Tony Garnett


Tony Garnett was a British film and television producer, and actor. Best known for his thirteen-year association with director Ken Loach, his work as a producer continued into the 21st century.

Early life and career

Born Anthony Edward Lewis in Birmingham, he lost his parents when young: his mother Ida died when he was five from septicaemia following a back-street abortion, and his father Tom Lewis, a garage mechanic turned insurance salesman, committed suicide nineteen days later. Tony was raised by his maternal aunt and uncle, Emily and Harold Garnett, whose surname he adopted in his late teens, and his younger brother Peter was raised by other relatives. Garnett attended the Central Grammar School in Birmingham and read Psychology at University College, London. By his own admission, he spent most of his time acting in the Drama Society and on television.
Beginning as an actor, Garnett appeared in An Age of Kings, the BBC's mounting of Shakespeare's eight contiguous history plays, the courtroom film The Boys, several television plays by David Mercer, and an episode Catherine in the Teletale series, significant for his career because it led to his first meeting with its director, Ken Loach.

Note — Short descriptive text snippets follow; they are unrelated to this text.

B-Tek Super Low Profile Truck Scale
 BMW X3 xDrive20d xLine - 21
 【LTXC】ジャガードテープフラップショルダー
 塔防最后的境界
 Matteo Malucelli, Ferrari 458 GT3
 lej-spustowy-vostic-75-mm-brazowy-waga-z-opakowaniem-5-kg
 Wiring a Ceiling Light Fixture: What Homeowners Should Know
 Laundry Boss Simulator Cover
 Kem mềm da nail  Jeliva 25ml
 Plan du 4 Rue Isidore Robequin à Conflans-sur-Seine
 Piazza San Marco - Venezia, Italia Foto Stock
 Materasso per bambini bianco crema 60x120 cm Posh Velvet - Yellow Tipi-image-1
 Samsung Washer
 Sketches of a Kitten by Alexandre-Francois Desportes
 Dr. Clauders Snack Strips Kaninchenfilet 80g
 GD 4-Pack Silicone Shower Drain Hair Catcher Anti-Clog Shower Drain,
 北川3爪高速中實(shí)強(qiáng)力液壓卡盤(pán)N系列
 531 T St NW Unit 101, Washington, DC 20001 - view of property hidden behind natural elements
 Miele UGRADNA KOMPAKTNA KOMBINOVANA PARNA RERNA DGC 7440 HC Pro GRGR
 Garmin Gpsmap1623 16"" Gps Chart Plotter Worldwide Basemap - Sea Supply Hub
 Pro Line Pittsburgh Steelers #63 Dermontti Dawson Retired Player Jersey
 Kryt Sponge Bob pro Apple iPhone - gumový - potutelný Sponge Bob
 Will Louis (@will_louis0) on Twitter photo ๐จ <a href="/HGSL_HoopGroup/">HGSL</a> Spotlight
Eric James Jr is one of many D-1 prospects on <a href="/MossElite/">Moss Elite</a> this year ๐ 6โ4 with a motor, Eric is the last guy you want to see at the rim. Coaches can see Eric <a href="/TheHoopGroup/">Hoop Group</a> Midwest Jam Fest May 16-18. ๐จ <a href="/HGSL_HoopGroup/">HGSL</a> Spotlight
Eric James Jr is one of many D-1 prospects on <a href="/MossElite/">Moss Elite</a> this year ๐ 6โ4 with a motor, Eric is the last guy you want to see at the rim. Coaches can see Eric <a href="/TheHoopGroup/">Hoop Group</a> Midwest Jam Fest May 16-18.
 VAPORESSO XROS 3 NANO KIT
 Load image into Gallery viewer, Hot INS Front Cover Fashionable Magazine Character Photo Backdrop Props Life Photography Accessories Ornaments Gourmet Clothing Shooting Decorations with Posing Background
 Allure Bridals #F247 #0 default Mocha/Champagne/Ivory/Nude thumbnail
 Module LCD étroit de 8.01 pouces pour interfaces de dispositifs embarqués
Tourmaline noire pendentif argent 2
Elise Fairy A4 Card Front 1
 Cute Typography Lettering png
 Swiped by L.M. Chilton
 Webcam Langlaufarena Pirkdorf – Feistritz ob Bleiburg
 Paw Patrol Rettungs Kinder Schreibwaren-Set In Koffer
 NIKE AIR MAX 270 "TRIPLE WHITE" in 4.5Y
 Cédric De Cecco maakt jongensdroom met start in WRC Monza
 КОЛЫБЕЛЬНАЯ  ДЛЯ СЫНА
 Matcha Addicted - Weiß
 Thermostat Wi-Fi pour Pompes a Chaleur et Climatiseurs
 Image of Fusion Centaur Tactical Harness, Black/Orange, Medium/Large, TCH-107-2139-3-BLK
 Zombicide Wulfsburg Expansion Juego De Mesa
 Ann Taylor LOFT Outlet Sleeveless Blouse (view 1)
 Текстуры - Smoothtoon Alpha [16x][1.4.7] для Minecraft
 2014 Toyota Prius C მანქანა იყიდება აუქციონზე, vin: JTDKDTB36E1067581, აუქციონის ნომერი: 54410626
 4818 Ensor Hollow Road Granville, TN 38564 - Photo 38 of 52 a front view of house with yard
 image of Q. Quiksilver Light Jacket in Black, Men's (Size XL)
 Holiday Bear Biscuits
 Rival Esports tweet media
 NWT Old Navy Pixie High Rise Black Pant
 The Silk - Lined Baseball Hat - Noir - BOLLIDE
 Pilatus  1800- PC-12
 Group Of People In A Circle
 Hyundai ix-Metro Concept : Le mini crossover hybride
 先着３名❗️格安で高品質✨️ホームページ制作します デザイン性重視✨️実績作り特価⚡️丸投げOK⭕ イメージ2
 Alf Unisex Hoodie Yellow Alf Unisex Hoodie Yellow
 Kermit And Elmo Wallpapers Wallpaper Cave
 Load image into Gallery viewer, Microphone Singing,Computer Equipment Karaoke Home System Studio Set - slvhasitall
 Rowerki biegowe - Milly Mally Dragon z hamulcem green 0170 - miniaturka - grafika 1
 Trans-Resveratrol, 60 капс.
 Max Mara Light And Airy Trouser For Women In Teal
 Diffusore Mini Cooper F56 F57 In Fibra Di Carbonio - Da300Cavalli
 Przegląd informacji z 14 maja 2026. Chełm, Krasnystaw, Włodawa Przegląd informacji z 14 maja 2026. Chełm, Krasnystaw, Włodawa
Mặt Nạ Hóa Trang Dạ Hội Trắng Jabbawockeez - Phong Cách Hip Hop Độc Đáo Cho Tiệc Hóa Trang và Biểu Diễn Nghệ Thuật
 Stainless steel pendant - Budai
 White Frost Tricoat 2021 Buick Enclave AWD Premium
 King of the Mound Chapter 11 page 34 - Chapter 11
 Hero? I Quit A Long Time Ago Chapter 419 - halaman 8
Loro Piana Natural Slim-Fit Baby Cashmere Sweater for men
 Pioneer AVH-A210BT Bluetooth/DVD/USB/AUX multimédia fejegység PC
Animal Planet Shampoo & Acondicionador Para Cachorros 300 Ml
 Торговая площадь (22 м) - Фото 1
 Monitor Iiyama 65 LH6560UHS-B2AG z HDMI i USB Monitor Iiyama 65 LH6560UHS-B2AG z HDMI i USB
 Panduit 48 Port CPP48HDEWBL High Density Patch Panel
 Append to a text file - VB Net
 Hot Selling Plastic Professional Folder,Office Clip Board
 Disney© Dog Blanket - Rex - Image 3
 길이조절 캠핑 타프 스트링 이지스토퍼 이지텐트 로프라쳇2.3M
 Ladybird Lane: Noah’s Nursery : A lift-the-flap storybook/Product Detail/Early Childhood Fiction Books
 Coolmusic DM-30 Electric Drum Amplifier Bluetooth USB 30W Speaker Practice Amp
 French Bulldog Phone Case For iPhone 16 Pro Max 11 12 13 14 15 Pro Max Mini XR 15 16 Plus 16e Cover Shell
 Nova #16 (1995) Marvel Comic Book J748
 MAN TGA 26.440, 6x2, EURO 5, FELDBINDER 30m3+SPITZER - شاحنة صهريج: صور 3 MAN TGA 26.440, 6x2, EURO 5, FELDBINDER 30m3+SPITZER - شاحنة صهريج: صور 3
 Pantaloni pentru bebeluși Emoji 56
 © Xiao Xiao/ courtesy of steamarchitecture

Work with Ken Loach and others

Recruited by Roger Smith, he became an assistant story editor at the BBC, working on The Wednesday Play. The plays he worked on included the "very, very personal" Up the Junction, directed by Loach, which features a then still illegal abortion, but he was soon under contract as a producer. The best known of his contributions to The Wednesday Play series in this role is the docudrama Cathy Come Home, again directed by Loach. Garnett in 1967 introduced Loach to writer Jim Allen, who would be one of the director's collaborators for a quarter of a century. Garnett worked with Allen too, sometimes independently of Loach, but also with him on such works as Allen's The Big Flame, which had been shot in February and March 1968, but was withheld from transmission by the BBC.
Together with dramatist David Mercer, fellow producers Kenith Trodd and James MacTaggart, and literary agent Clive Goodwin, Garnett founded Kestrel Productions, which was conceived as an autonomous unit connected with London Weekend Television. The arrangement led to the production of seventeen television dramas within two years. He and his colleagues, though, found the experience as limiting as they had their period at the BBC. LWT required Garnett and his colleagues to mainly use their television studio and record on video tape, only allowing them to shoot on film and on location occasionally. Despite this, as Kestrel Films, the production company had an interest in the feature films Kes, based on a Barry Hines novel, and Family Life, from a television play by David Mercer. Both were produced by Garnett and directed by Loach.
In 1969, Garnett was the producer of Loach's The Save the Children Fund Film. Commissioned by the charity itself, and originally intended for screening by LWT, it was suppressed for forty years after Save the Children disowned it, and only finally screened in 2011 at BFI Southbank. Days of Hope was a four-part serial for the BBC written by Jim Allen and directed by Loach. It recounts events from the Great War to the General Strike of 1926. A two-part Play for Today, The Price of Coal, reunited Garnett and Loach with Barry Hines, and was their response to the silver jubilee of the Queen, mixing that celebration with a fatal accident involving two miners. The Spongers, written by Allen and directed by Roland Joffé, also used the background of the silver jubilee, this time in the context of government spending cuts in the welfare state, in particular the closure of facilities used by a child with learning difficulties.
Garnett produced G.F. Newman's Law and Order, a quartet of dramas looking at the failings of the British criminal justice system. Its broadcast resulted in questions being asked in parliament. The last production from Garnett's association with Loach was the children's film, Black Jack.

Later career

Garnett's later film credits include Prostitute, Handgun, Earth Girls Are Easy and Beautiful Thing. After relocating to the United States, Garnett lived by the principle "a movie should never be about what it's about" meaning that, although Earth Girls is disguised as a space comedy about aliens and Follow That Bird is a Sesame Street style children's film, the real theme of these motion pictures is racial prejudice.
In 1990, he founded World Productions, for which Garnett oversaw Between the Lines and This Life and other productions.
In 2009, an email by Garnett was circulated within the television industry, and published online, in which he argued that the BBC's management techniques "stifle the creativity which the organisation is supposed to be encouraging". Despite his involvement in the independent production sector, a term he found misleading, Garnett was critical of it. He said that the BBC no longer has an interest in "poor people". When "occasionally they do" feature, the poor "are smirked at or derided as chavs."

Personal life and death

In 1963, Garnett married Topsy Jane Legge, whom he met while performing in amateur theatre. They had a son, Will, and later divorced. In 1978, he married Alexandra Ouroussoff, with whom he had another son, Michael; the couple divorced in 1988. He wrote a memoir, The Day the Music Died, A Life behind the lens in 2016.
Garnett died on 12 January 2020 after a short illness. He was survived by his partner, Victoria Childs, and his sons.